Hang in there Monique. I've been round-and-round with insurance
companies before, and after all the fretting and worrying I did, they
always paid. Even when I was told sometimes they would not.  It will
all get ironed out, but you're probably in for a lot of phone time and
hassle, which you don't need.
I'm very upset with mine also; they've decided out of the clear blue
sky they won't cover one of my meds. I don't think they ought to be
able to change the rules in the middle of the game; I think they ought
to have to make changes on Jan. 1 when we renew every year.
Sherry
Monique Y. Mudama - 22 May 2006 17:33 GMT
> Hang in there Monique. I've been round-and-round with insurance
> companies before, and after all the fretting and worrying I did, they
> always paid. Even when I was told sometimes they would not.  It will
> all get ironed out, but you're probably in for a lot of phone time and
> hassle, which you don't need.

That's exactly it.  I told DH, "I would happily pay double the
insurance to not have to be on the phone all the time with these
people."  He just stared at me, uncomprehending.   But it's not *just*
the phone time, it's also the several week lag between the phone time
and the next time you see the EOB.  In the meantime you have no idea
if the problem was really fixed or not.  And I feel bad for the
doctors who are waiting patiently.  But even if they're willing to
wait, I still get the automated statements.

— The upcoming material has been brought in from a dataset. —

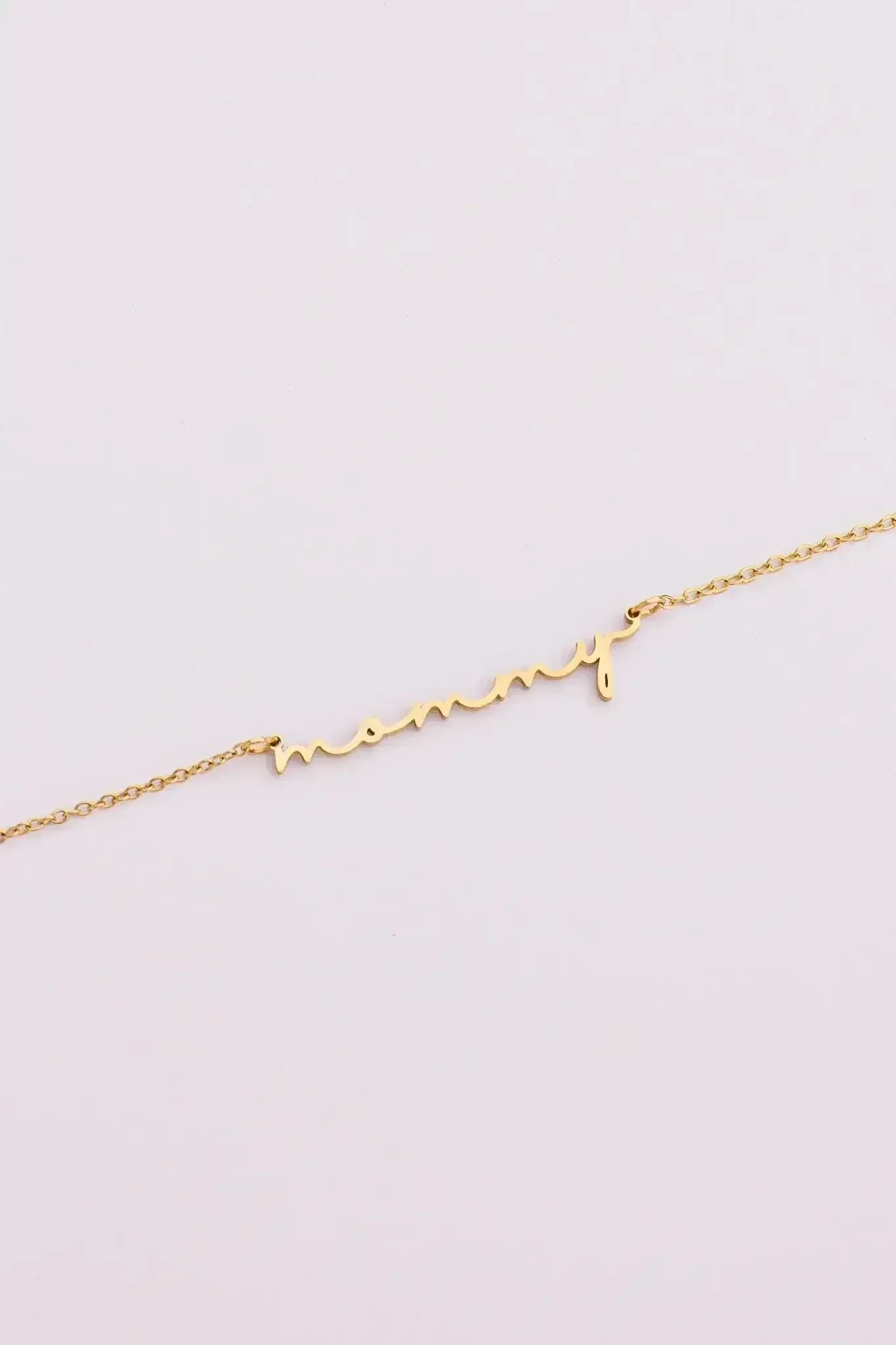 "Mommy" Necklace - Femstylo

It's just one more thing nagging at the back of my mind, one more
"make sure this gets taken care of" item.  I like to pay my bills the
instant I get them, so that they're out of my mind and I don't have to
think about them anymore.  This forces me to do the opposite.

> I'm very upset with mine also; they've decided out of the clear blue
> sky they won't cover one of my meds. I don't think they ought to be
> able to change the rules in the middle of the game; I think they ought
> to have to make changes on Jan. 1 when we renew every year.

I would agree.  It seems very odd that they would go from covering
something to not covering it. Were you able to ferret out an
explanation?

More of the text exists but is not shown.